National Highway 59, NH59 is a proposed national highway in Nepal which is being constructed in Karnali Province. The total length of the highway is supposed to be 187.91 km. According to SNH2020-21 53.74 km of the road has already been opened and 33.74 km of the road has been paved.

NH59 in detail
| Sections | Length | Status |
|---|---|---|
| Murtiya - Gulariya | 3 km (1.86 mi) | paved |
| Gulariya - Rammapur | 22 km (13.67 mi) | paved |
| Bhurigau - Telpani | 21 km (13.05 mi) | uc |
| Telpani - Bangesimal | 31 km (19.26 mi) | uc |
| Bangesimal - Lekhfarha | 16.84 km (10.46 mi) | uc |
| Mathilo Dungeswor - Puraini | 10.52 km (6.54 mi) | uc |
| Puraini - Taraghat | 7.74 km (4.81 mi) | paved |
| Taraghat - Mahabudham | 19.81 km (12.31 mi) | uc |
| Mahabudham - Talsera | 24.2 km (15.04 mi) | uc |

The 51-km Bhuri Gaun-Telpani road (Bhurigau-Telpani-Bangesimal), linking Birendranagar, the provincial capital of Karnali Province, to Bhuri Gaun in Bardiya District of Lumbini Province was opened in 1968 but never paved. The route was not so important for people as it passes through jungle of Bardiya National Park.

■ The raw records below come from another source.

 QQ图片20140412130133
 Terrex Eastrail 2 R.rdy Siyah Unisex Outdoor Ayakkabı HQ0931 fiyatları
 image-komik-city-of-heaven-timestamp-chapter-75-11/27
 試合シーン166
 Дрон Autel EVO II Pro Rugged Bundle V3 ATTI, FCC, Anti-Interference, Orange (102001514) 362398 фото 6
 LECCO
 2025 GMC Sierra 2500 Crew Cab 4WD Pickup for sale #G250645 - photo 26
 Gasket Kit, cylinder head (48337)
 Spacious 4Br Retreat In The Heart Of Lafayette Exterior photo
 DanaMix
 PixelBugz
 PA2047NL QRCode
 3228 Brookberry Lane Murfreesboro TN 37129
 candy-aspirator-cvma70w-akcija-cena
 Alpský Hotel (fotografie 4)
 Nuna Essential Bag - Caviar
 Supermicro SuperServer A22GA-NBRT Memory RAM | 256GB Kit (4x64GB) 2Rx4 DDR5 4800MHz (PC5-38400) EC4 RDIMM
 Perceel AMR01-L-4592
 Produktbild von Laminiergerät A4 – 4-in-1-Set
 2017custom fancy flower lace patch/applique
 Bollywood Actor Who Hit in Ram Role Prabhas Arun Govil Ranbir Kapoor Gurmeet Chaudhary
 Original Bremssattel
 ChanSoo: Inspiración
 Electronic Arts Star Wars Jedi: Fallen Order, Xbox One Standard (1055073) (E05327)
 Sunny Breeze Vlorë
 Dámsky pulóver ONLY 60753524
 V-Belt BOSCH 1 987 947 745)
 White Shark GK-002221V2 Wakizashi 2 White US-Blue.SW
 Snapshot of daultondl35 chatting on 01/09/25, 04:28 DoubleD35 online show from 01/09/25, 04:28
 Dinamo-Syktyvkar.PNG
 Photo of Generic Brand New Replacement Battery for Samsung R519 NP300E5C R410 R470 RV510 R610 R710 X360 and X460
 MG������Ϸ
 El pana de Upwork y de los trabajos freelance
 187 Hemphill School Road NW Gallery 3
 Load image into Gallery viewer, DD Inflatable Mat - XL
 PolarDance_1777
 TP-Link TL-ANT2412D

Also the park authorities had banned construction of a road inside the park but after interfere of apex court the upgradation of road is going to take place.

The federal government has earmarked Rs. 200 million for the Mahabu road section of the district headquarters. the road connecting Kalikot and Jumla via Surkhet-Upper Dugeshwor, Dullu-Bhairabi-Kalikot and Jumla is being built by the Provincial and the Central governments.